December 20, 2016 by Editorial Team

With a distinct smell (which is so appetizing) and a strong flavor, it is no wonder that garlic has been a kitchen staple for ages. Some do not know, however, that there are actually two main kinds of garlic: hardneck and softneck. There is a significant difference between the two which will be discussed in this article.

Descriptions

Hardneck vs Softneck Garlic

Hardneck garlic (Allium sativum ssp. ophioscorodon), also called top-setting garlic, is named such because it literally has a hard neck. The “neck” actually refers to the stem or flowering stalk that grows through the center of the bulb. This firm stalk makes it impossible for harvesters to braid hardneck garlic.

Additionally, this type of garlic has a very distinct spicy flavor and is very easy to peel because of its thick skin and large cloves. It grows very well in areas with cold climates. Upon maturity, one bulb can hold up to twelve cloves. However, it has a short shelf life of about 4 to 10 months.

Softneck garlic (Allium sativum ssp. sativum),or artichoke garlic, has a very soft stalk which makes it easy to cut and braid. It has a mild flavor which is why this variety is commonly used for processed products like seasonings. This is also the same type of garlic sold in grocery stores.

Furthermore, this kind of garlic thrives in warmer areas. Upon maturity, one bulb can hold up to twenty cloves, which is why it is usually large and irregular in shape. Softneck garlic also has thin, tight skin around each clove. This is the reason it is such an ordeal to peel one. This variety also has a long shelf life.

Hardneck vs Softneck Garlic

What, then, is the difference between hardneck and softneck garlic?

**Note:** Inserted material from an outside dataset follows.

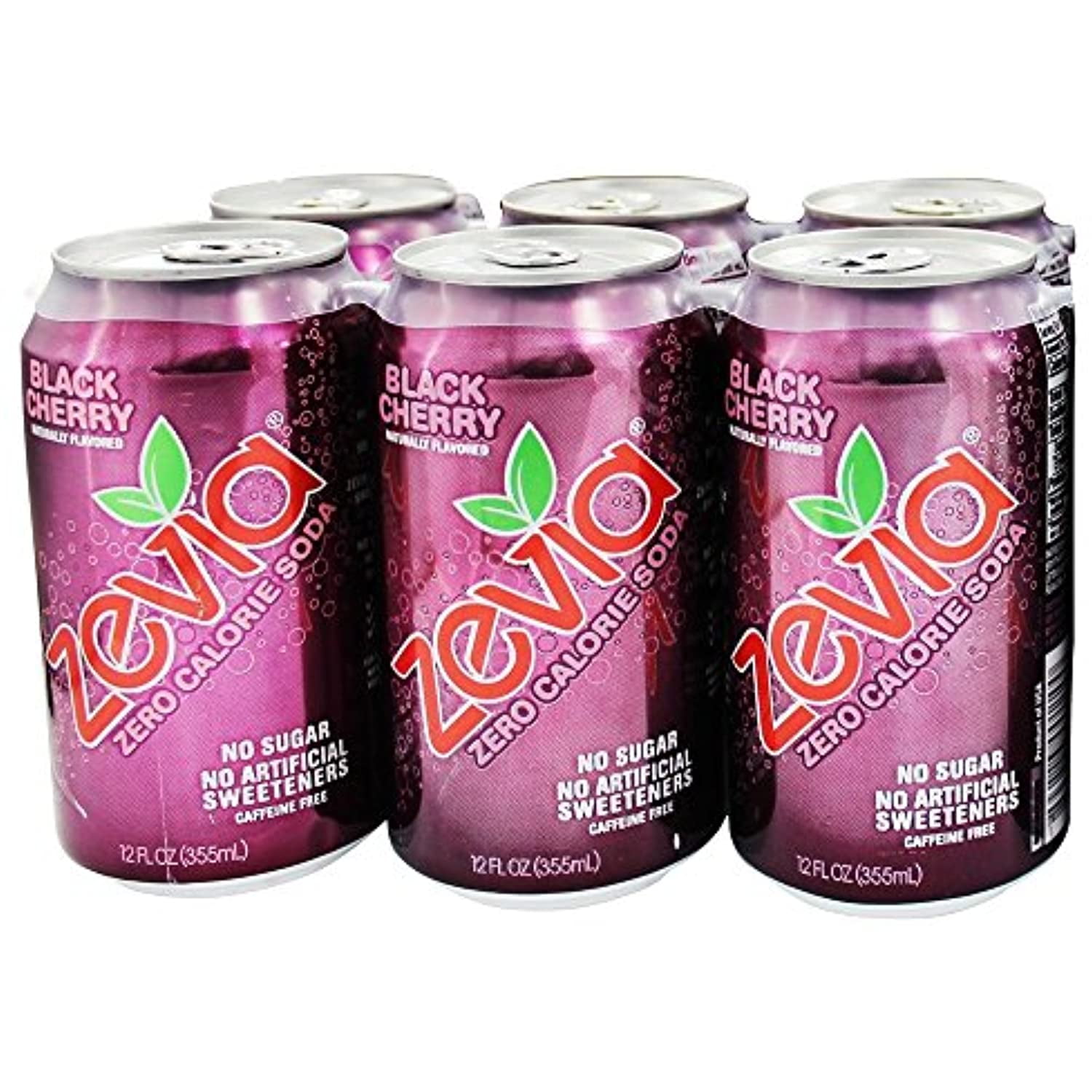 Zevia Natural Black Cherry Diet Soda ( 4X6/12 Oz)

The most obvious difference between the two is their stalk or “neck.” As the name implies, softneck garlic has a soft stalk that grows from the center of the bulb so it is easy to cut and braid, while hardneck garlic has a firm stem so it is impossible to braid.

Moreover, softneck garlic usually produces bigger and imperfectly shaped bulbs which can hold more cloves than a hardneck garlic. A hardneck bulb is usually regular in shape, and can hold bigger but lesser cloves. It is also easier to peel hardneck garlic because of its thick skin.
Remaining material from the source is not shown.